Same sign → subtract. Different signs → add. One variable disappears.

Step 4 — Solve for the remaining variable

Step 5 — Substitute back to find the other variable

Example 1 · Coefficients already match

Solve:

\[\begin{aligned}2x + y &= 7 & \text{①} \\[4pt] x - y &= 2 & \text{②}\end{aligned}\]

Step 3 — The y coefficients are +1 and −1 (different signs), so add

\[\begin{aligned}\text{① } + \text{ ②}: \qquad 3x &= 9 \\[4pt] x &= 3\end{aligned}\]

Step 5 — Substitute x = 3 into ①

\[\begin{aligned}2(3) + y &= 7 \\[4pt] y &= 1\end{aligned}\]

Solution: \(x = 3\), \(y = 1\).

Example 2 · Coefficients need adjusting

Solve:

\[\begin{aligned}3x + 2y &= 16 & \text{①} \\[4pt] 5x + 3y &= 26 & \text{②}\end{aligned}\]

Step 2 — Match the y coefficients

\[\begin{aligned}\text{① } \times 3: \qquad 9x + 6y &= 48 & \text{③} \\[4pt] \text{② } \times 2: \qquad 10x + 6y &= 52 & \text{④}\end{aligned}\]

Step 3 — Same sign on y, so subtract

\[\begin{aligned}\text{④ } - \text{ ③}: \qquad x &= 4\end{aligned}\]

Step 5 — Substitute x = 4 into ①

\[\begin{aligned}3(4) + 2y &= 16 \\[4pt] 2y &= 4 \\[4pt] y &= 2\end{aligned}\]

Solution: \(x = 4\), \(y = 2\).

Always check your answer

Substitute both values back into the equation you didn't use for the back-substitution. If it works, you're correct. If it doesn't, you've made an error somewhere.

Substitution method (linear)

The method

The idea is to write one variable in terms of the other, then replace it in the second equation.

Step 1 — Rearrange one equation to make x or y the subject

Pick whichever is easiest — ideally one that already has a coefficient of 1.

Step 2 — Substitute into the other equation

Replace the variable with the expression from step 1.

Step 3 — Solve the resulting equation

Step 4 — Substitute back to find the other variable

Example 3 · Substitution (linear)

Solve:

\[\begin{aligned}y &= 2x - 1 & \text{①} \\[4pt] 3x + 2y &= 12 & \text{②}\end{aligned}\]

Step 1 — ① already gives y in terms of x

Step 2 — Substitute ① into ②

\[3x + 2(2x - 1) = 12\]

Step 3 — Solve

\[\begin{aligned}3x + 4x - 2 &= 12 \\[4pt] 7x &= 14 \\[4pt] x &= 2\end{aligned}\]
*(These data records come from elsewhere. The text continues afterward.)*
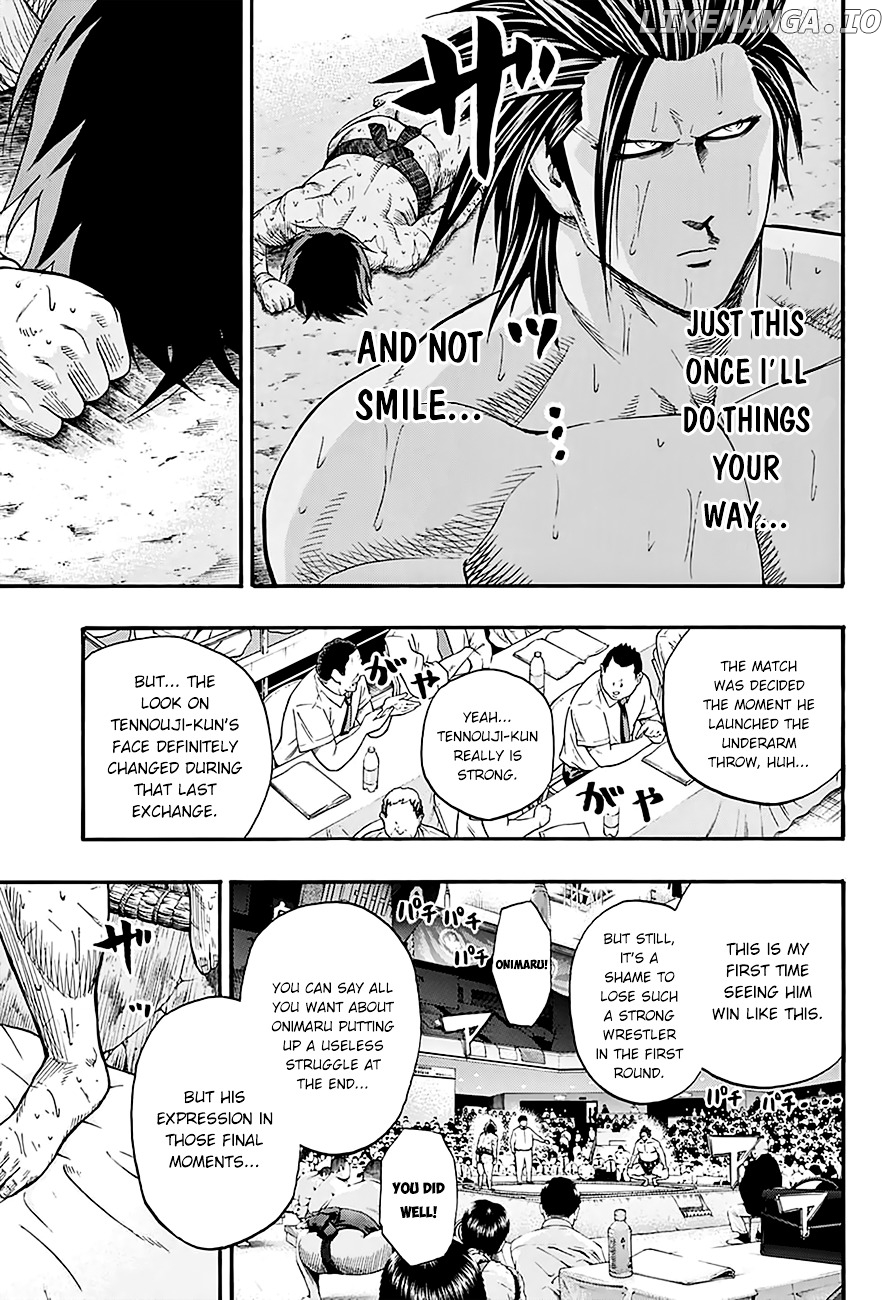 Hinomaru Zumou chapter 97 - page 7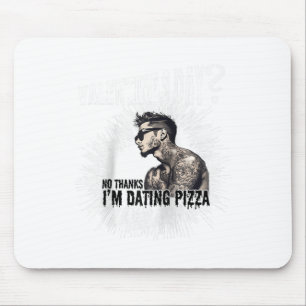 Mens For Anti Valentine’s Day Tattooed Single Man  Mouse Pad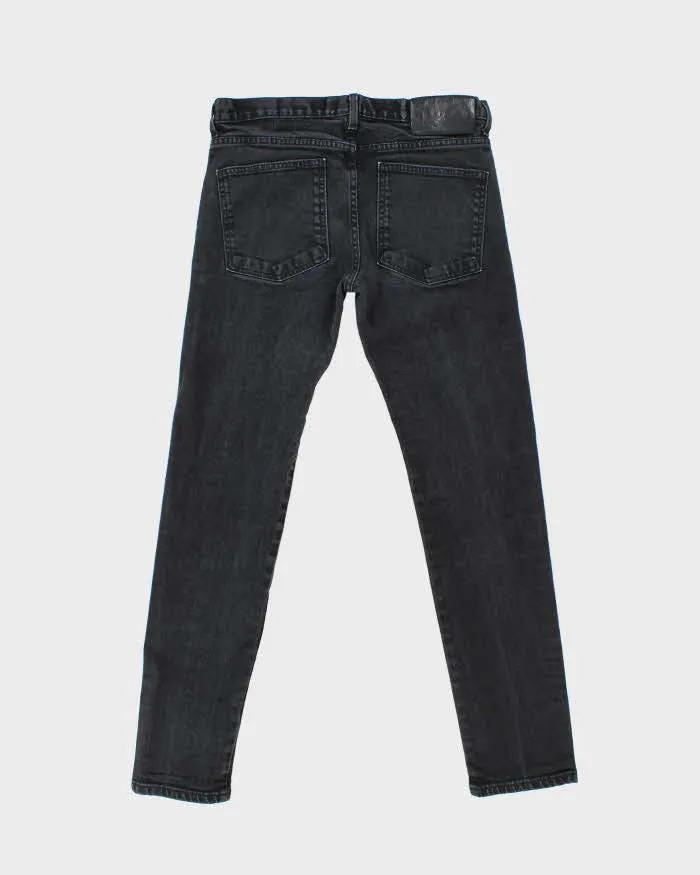 Naked & Famous Black Skinny Fit Jeans - W34 L32 sold by Rokit product image thumbnail 2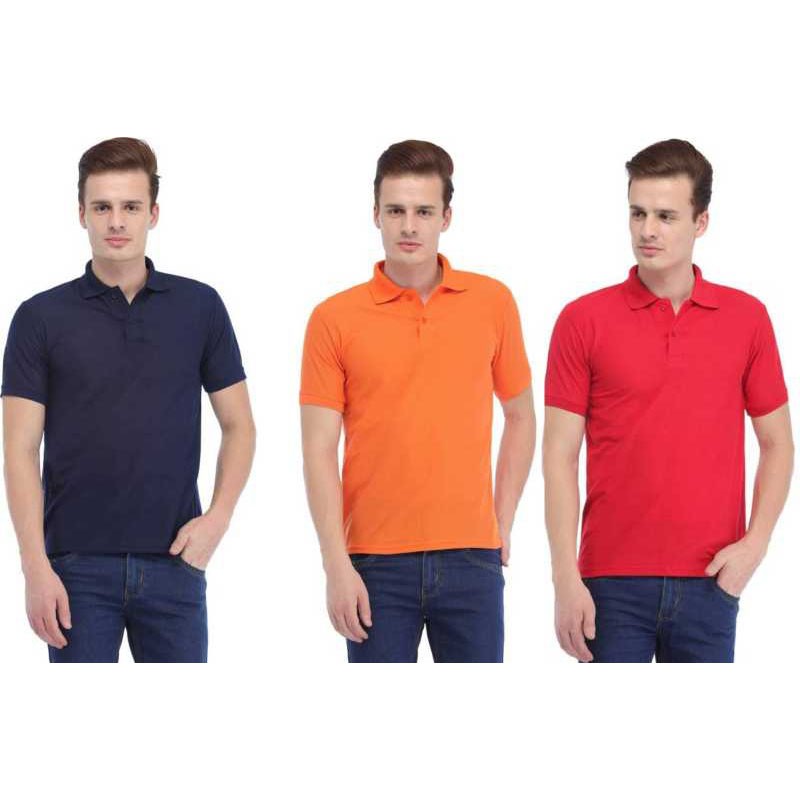 POLO Solid Combo cotton T-shirt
Step 4 — Substitute x = 2 into ①

\[y = 2(2) - 1 = 3\]

Solution: \(x = 2\), \(y = 3\).

Which method should I use?

Decision guide

You see...	Use	Why
Both equations in the form \(ax + by = c\)	Elimination	The equations are lined up and ready to add/subtract.
One equation already gives \(y = ...\) or \(x = ...\)	Substitution	One variable is already isolated — just plug it in.
One equation contains \(x^2\), \(y^2\) or \(xy\)	Substitution	You must use substitution. Elimination won't remove the squared terms.
The question says "use an algebraic method"	Either	This just means don't solve it by reading off a graph. Pick whichever suits the equations.

Linear-quadratic (non-linear) systems

The method

When one equation is quadratic, you must use substitution. The process creates a quadratic equation which you then solve by factorising or the formula.

Non-linear systems usually have two pairs of solutions (because the line crosses the curve at two points).

Step 1 — Rearrange the linear equation to make x or y the subject

Step 2 — Substitute into the quadratic equation

Step 3 — Expand, simplify, and rearrange to = 0

Step 4 — Solve the quadratic

Step 5 — Find the matching y (or x) for each solution

Present your answers as pairs: \((x_1, y_1)\) and \((x_2, y_2)\).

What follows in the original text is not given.